Transformation Tuesday
We performed the yeast transformation of the bait and followed the procedure listed below. The yeast transformation was successful. After the yeast cells were transformed with the bait, we noticed that histidine was still present, so we decided to prepare the cells to be grown on media plates with 3AT. So far in the lab, I have made the media with five different 3AT concentrations. After the media is ready, I will transfer the yeast cells to the media. We will be looking for colonies that are able to produce higher levels of histidine.
Transformation Procedure:
For one transformation micro-centrifuge 500mL of competent cells at 500xg for 4
minutes.
Add 0.5mL in EZ 1 solution to wash the pellet. Vortex the cells and discard the supernatant.
Add 50uL of EZ 2 solution and vortex the pellet.

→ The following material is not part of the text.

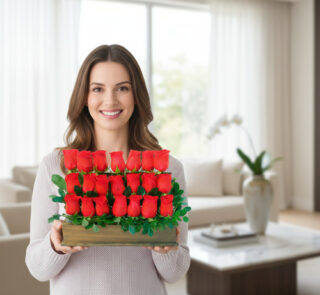 Mujer joven sonriente sostiene un arreglo rectangular de rosas rojas con follaje verde en una sala de estar luminosa y moderna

Mix 50uL of competent cells with 3uL of DNA (Bait) and add 500uL of EZ 3 solution and mix.
Incubate samples at 30˚C for 45 minutes.
Sterilize an L-shaped spreader by dipping in ethanol and lighting it on fire but be careful not to heat the spreader.
With an L-shape spreader, spread all the sample on yeast media plate that contains the –tryp/-Leu
Incubate the plate at 30˚C for 2-4 days so the transformed yeast cells can grow.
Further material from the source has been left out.